Stored data:
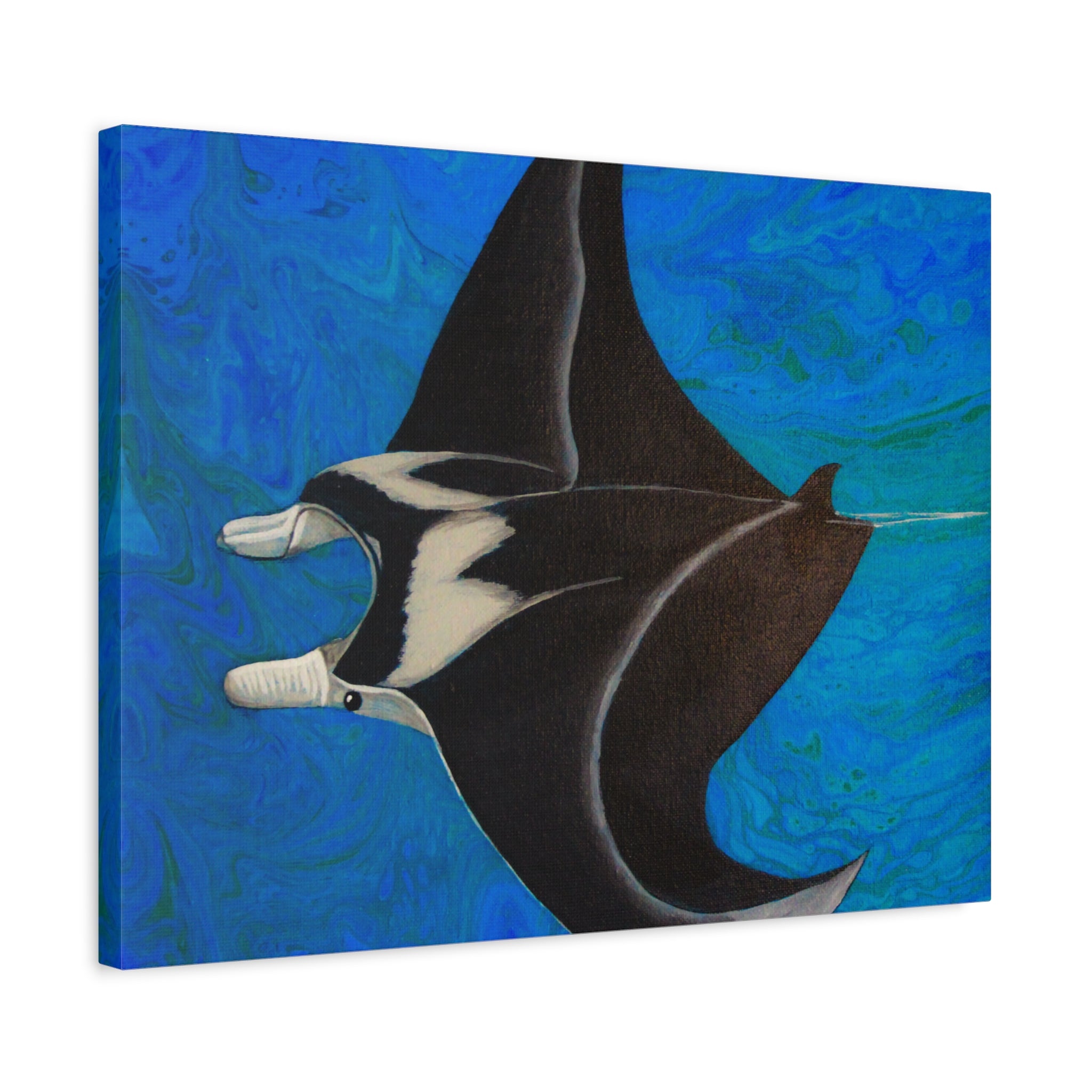 Canvas print of a manta ray against a blue abstract background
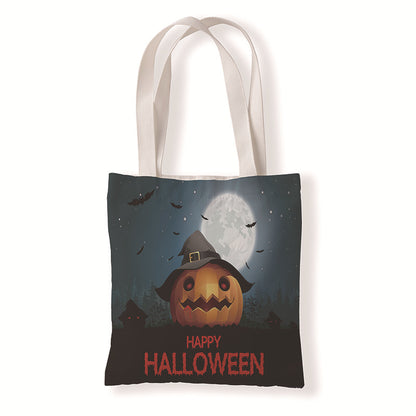 Bolsa de lona con diseño de calabaza y murciélago de Halloween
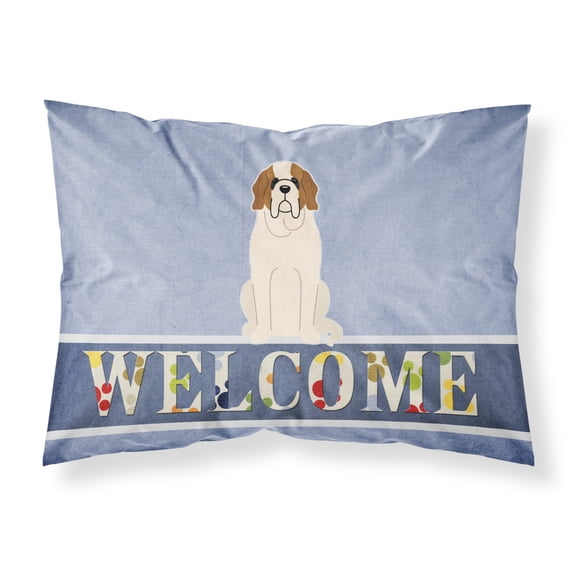 Carolines Treasures BB5616PILLOWCASE Saint Bernard Welcome Fabric Standard Pillowcase Standard multicolor
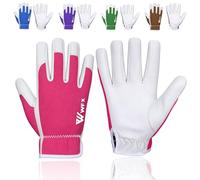 WFX Gardening Gloves for Women and Men, Heavy Duty Thorn Proof Garden Gloves with Strong Grip, Breathable Premium Quality Rigger Safety Working Gloves for Pruning, Weeding & Yard Work (Pink, Large)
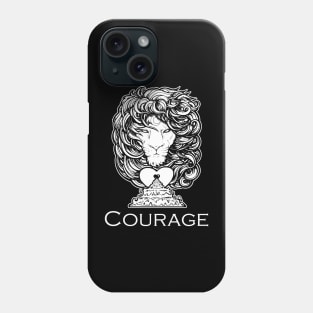 Heart of a Lion - Courage - White Outlined Version Phone Case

**EXERCISE:**
Nothing but the pictures may be dropped; output the records above exactly.

**EXERCISE SOLUTION:**
 Canvas print of a manta ray against a blue abstract background
 Bolsa de lona con diseño de calabaza y murciélago de Halloween
 Carolines Treasures BB5616PILLOWCASE Saint Bernard Welcome Fabric Standard Pillowcase Standard multicolor
 WFX Gardening Gloves for Women and Men, Heavy Duty Thorn Proof Garden Gloves with Strong Grip, Breathable Premium Quality Rigger Safety Working Gloves for Pruning, Weeding & Yard Work (Pink, Large)
 Heart of a Lion - Courage - White Outlined Version Phone Case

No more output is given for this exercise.